Back to turtles. Turtles have been around about as long as the redwoods that towered over me that day. By the way, the felt-red of a redwood trunk, in the light, looks a lot like a chestnut mare’s winter coat. It’s an inconceivable number, 200 million years. And because of its sheer enormity, it leaves the brain dumb and dazed rather than amazed. While waiting for my takeout dinner outside a Puerto Rican restaurant this evening, I read a Medium article on a how the brain can’t do much with abstracts and facts. To appeal to the sympathies of a reader, an author must use examples. Facts are the cargo we must package in specifics, bubble wrap in stories to ensure their safe arrival to the frontal cortex of our reader’s brain. For example, right now you are paying higher attention than you were a sentence ago, as I dangle an illustrative anecdote .

I set out to write about turtles. But the prompt "turtles" was a hollow shell for another animal to make its home: a few sentences in, and out comes a contemplation on chocolate, past dates with slugs, culminating in some undeveloped scraps of narrative theory smudged with the oil of garlic plantains from a takeout dinner.
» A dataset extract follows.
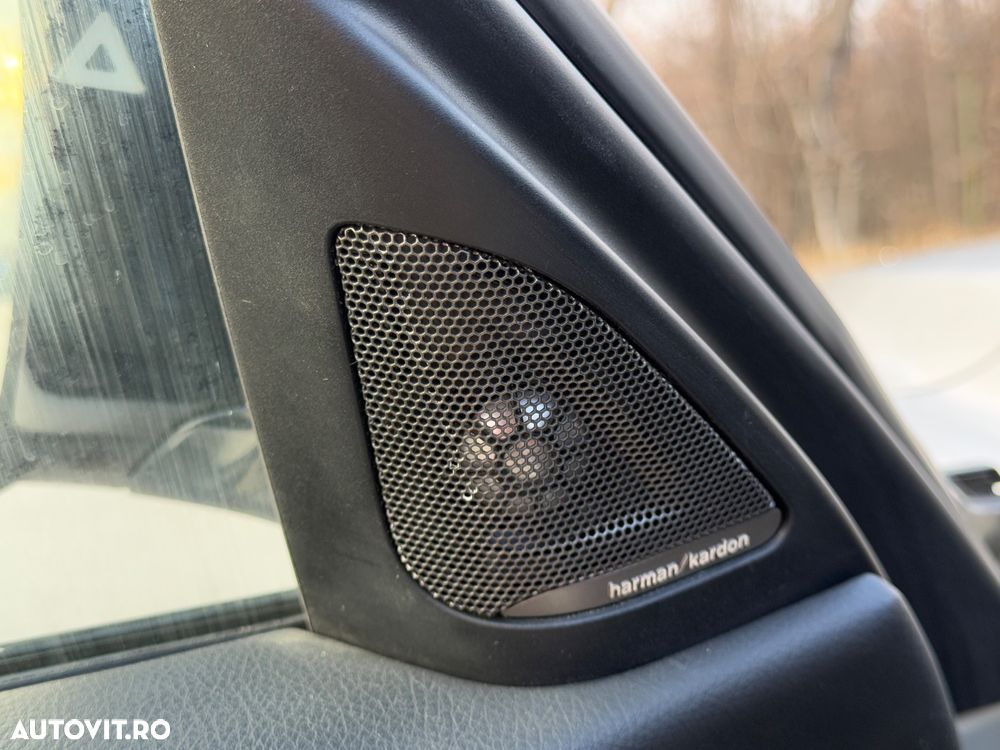 BMW Seria 3 325d M Sport Shadow - 16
Yet, it’s precisely the turtle’s gradual irrelevance on the surface of my post where lies, I think, his deeper relevance. (Pause here for a profound “hmm” and imaginary beard scratch). I, like a turtle, have been trying to take my time. I’m attempting the task of being still, letting what comes come, and not rushing the exposure of my soft insides to a harsh sun of lit up phones. I want my first-thought ideas and seedling stories to germinate in quiet, compost uncommented, and tempt me with their perfumes, before I pack them and put them on your window(sill) to please or perturb.

If you’re an aspiring writer like me, do it for yourself before you do it for them. See how it feels-- in the darkness of your own mind, on your own time, where language can articulate its limbs as self expression rather than a stiff performance. This is where you find the words and, most importantly, the desire to take the plunge, regardless of who is watching. Slowly but surely, what you thought was a sedentary rock on the shoreline grows legs and inches its way to the shallows. Soon enough, the shallow drops off unto the deep and the animal known for her slow pace, swims at a brisk pace towards the frontal cortex of a brain.